Could you give the data that follows again exactly, without its pictures?

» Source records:

━━━━━━━━━━━━━━━━━━━━━━━━━━━━━━

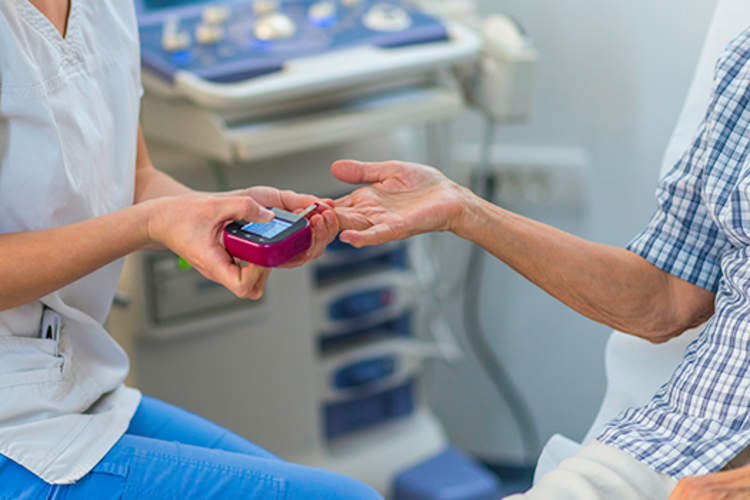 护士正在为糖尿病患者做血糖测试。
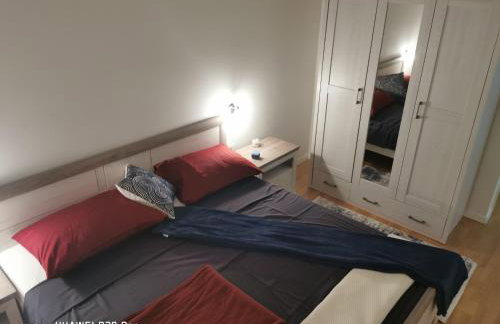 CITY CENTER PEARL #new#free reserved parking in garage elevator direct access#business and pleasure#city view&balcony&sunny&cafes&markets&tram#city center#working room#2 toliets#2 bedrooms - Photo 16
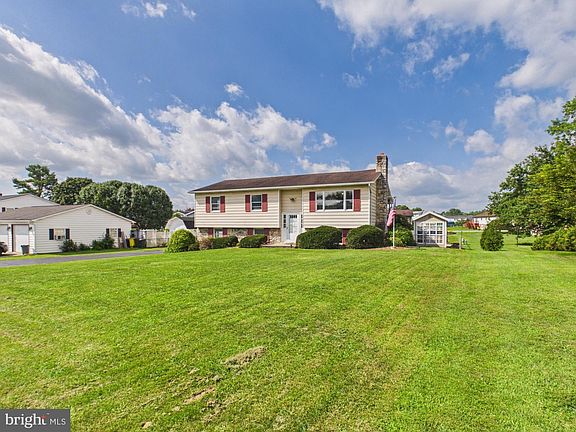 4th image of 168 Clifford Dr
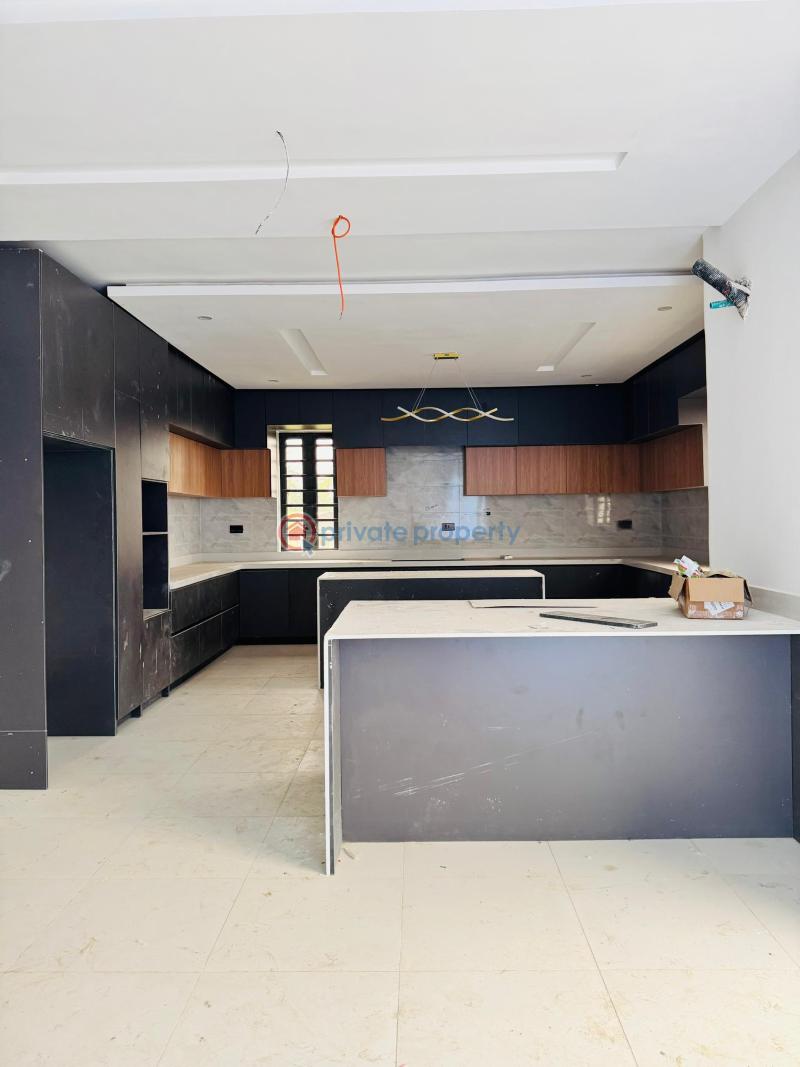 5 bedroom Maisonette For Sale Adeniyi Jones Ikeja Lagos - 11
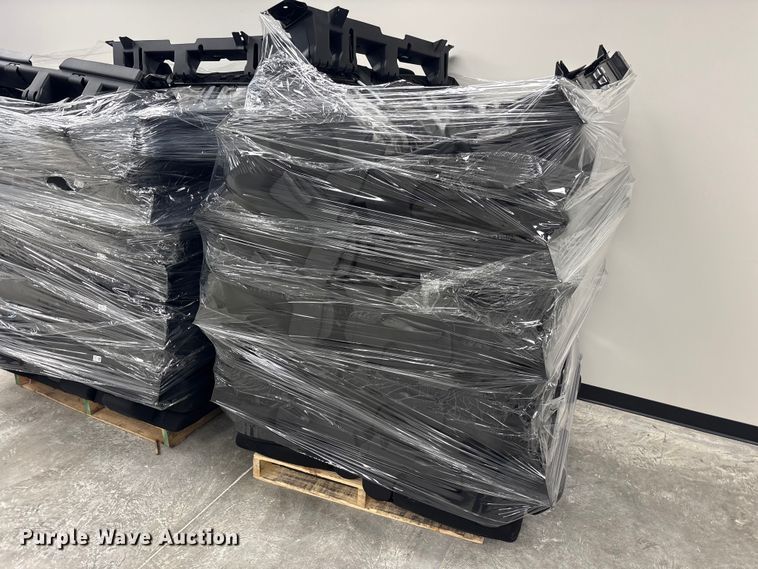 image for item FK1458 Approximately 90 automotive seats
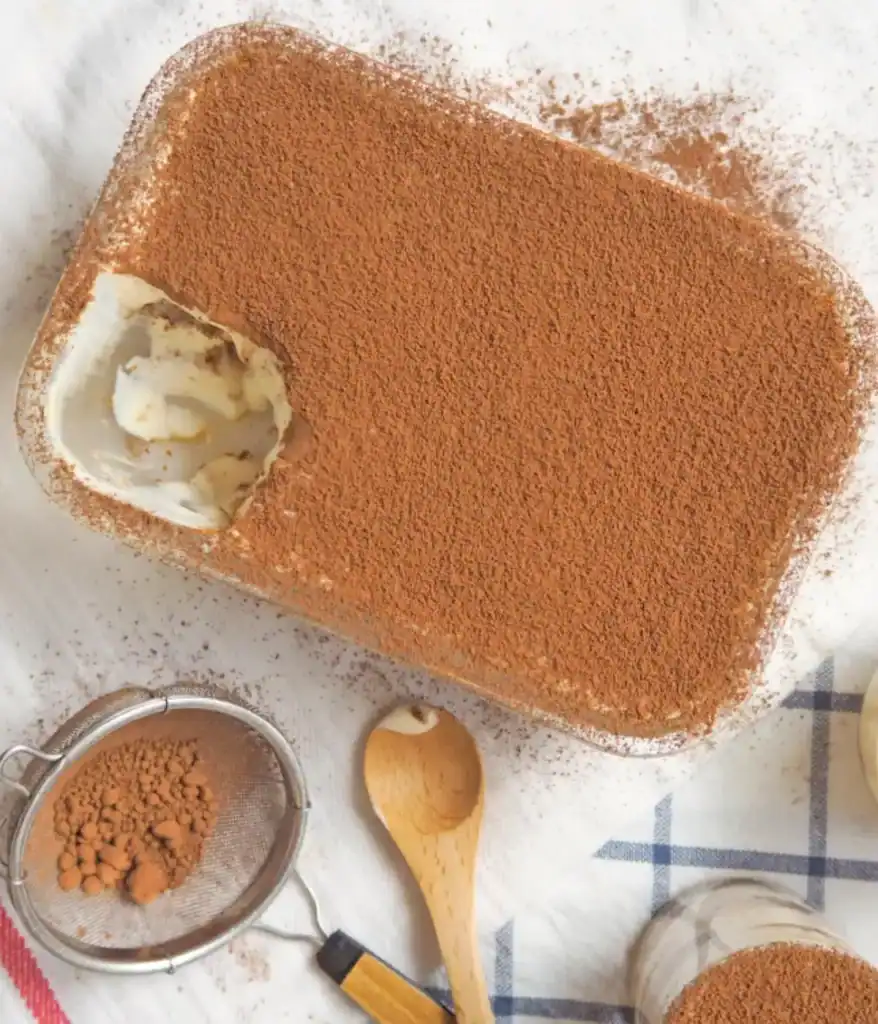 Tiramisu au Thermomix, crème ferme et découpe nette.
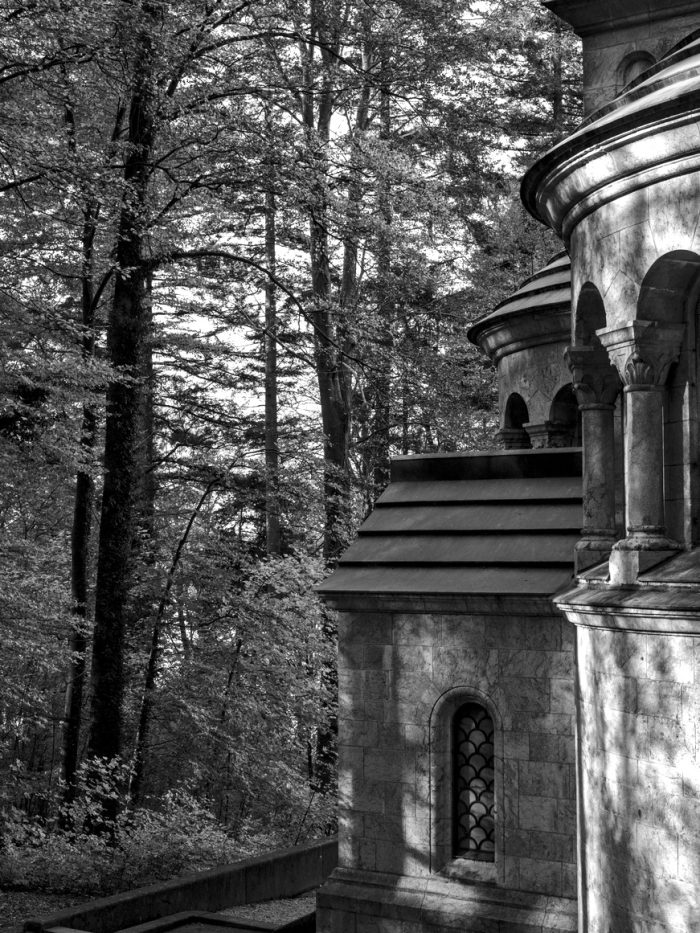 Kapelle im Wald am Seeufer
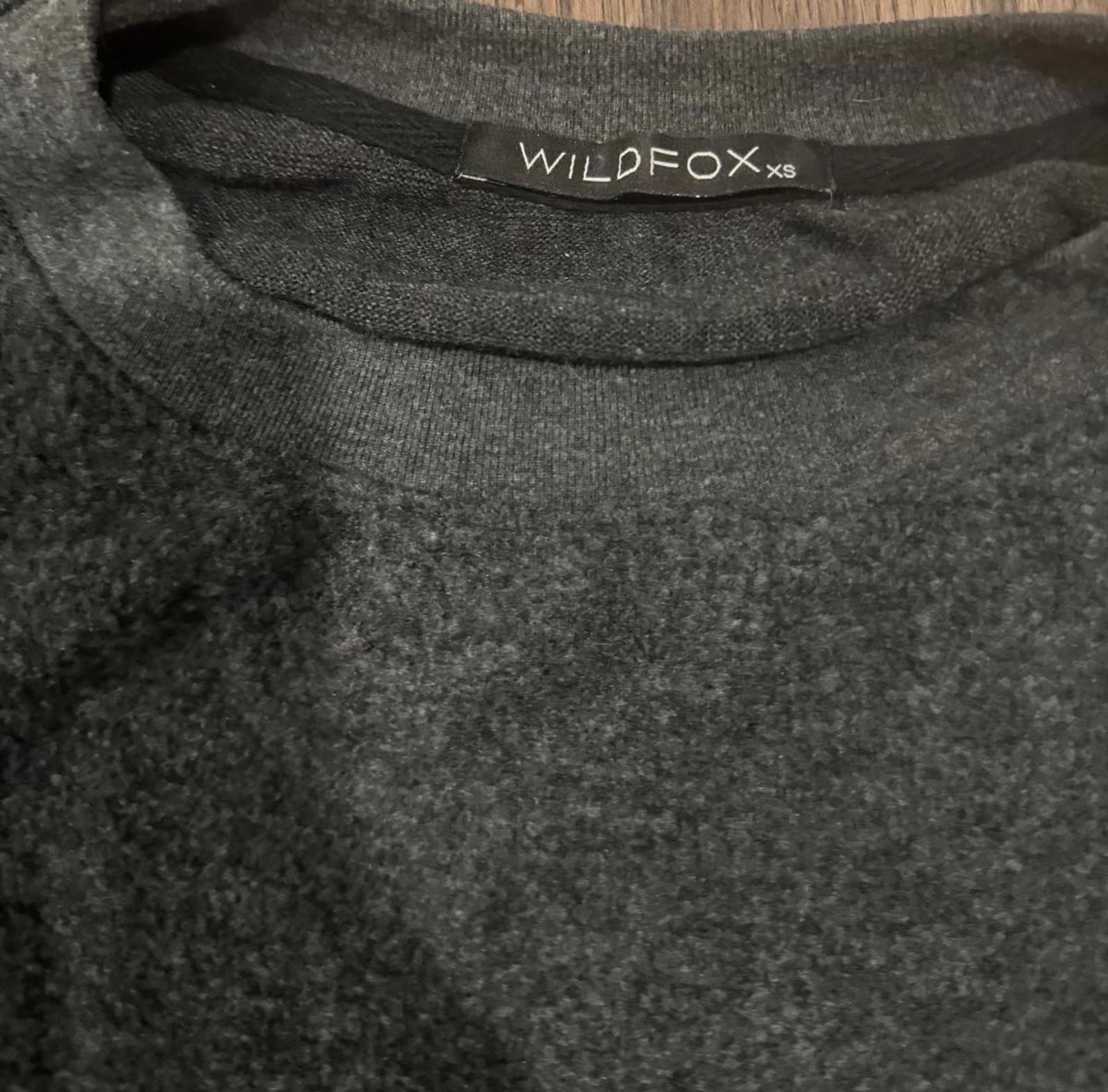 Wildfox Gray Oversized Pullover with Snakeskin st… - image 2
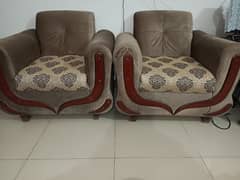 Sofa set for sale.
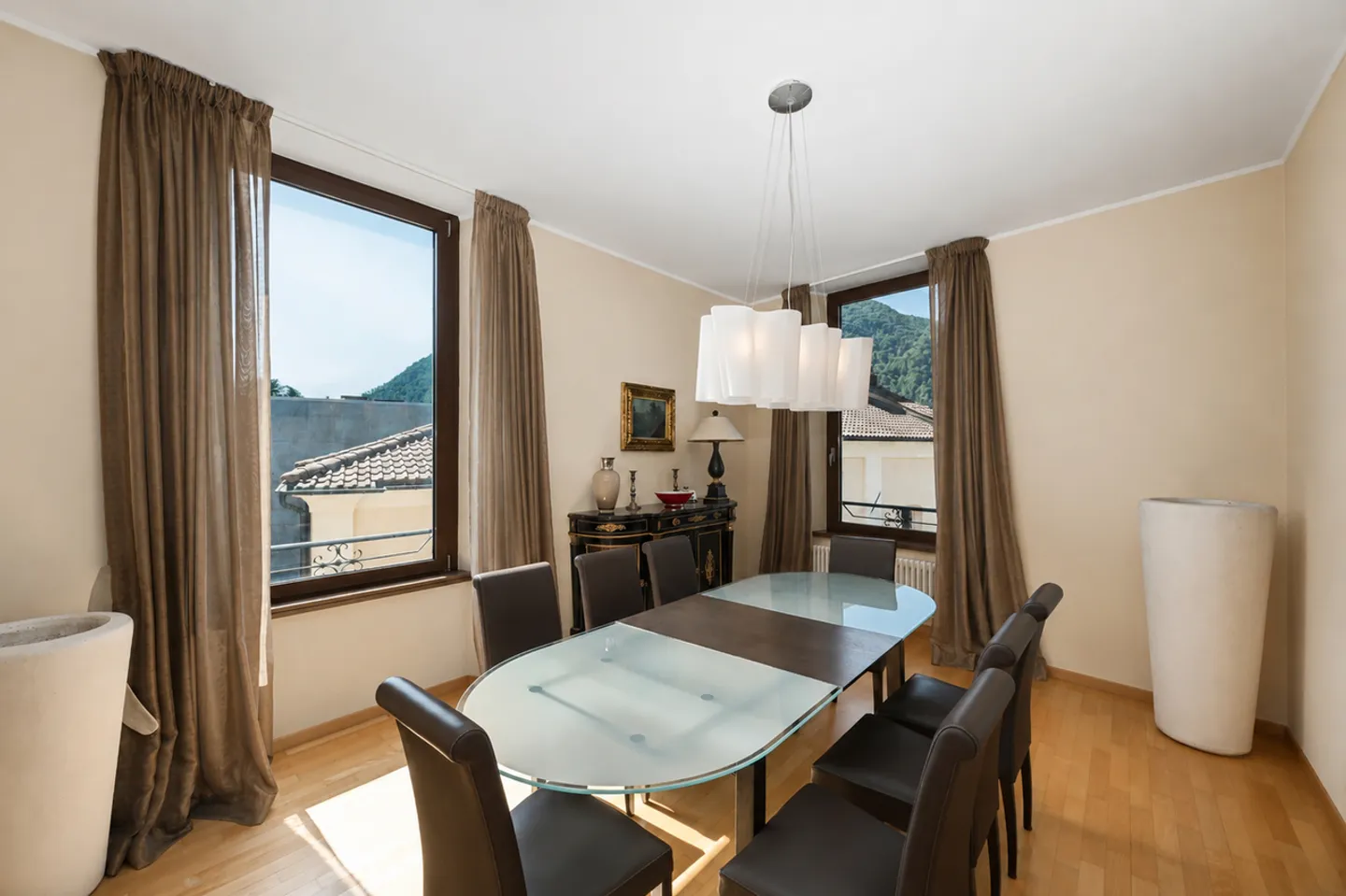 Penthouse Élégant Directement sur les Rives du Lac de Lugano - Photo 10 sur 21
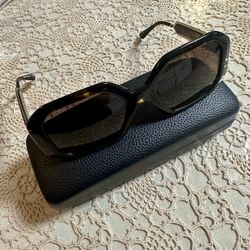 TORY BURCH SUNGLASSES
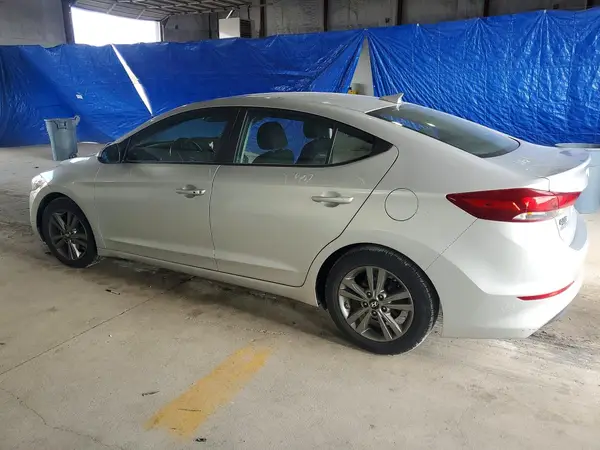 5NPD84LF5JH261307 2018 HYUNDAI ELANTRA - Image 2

━━━━━━━━━━━━━━━━━━━━━━━━━━━━━━

» Solution to this problem:
 护士正在为糖尿病患者做血糖测试。
 CITY CENTER PEARL #new#free reserved parking in garage elevator direct access#business and pleasure#city view&balcony&sunny&cafes&markets&tram#city center#working room#2 toliets#2 bedrooms - Photo 16
 4th image of 168 Clifford Dr
 5 bedroom Maisonette For Sale Adeniyi Jones Ikeja Lagos - 11
 image for item FK1458 Approximately 90 automotive seats
 Tiramisu au Thermomix, crème ferme et découpe nette.
 Kapelle im Wald am Seeufer
 Wildfox Gray Oversized Pullover with Snakeskin st… - image 2
 Sofa set for sale.
 Penthouse Élégant Directement sur les Rives du Lac de Lugano - Photo 10 sur 21
 TORY BURCH SUNGLASSES
 5NPD84LF5JH261307 2018 HYUNDAI ELANTRA - Image 2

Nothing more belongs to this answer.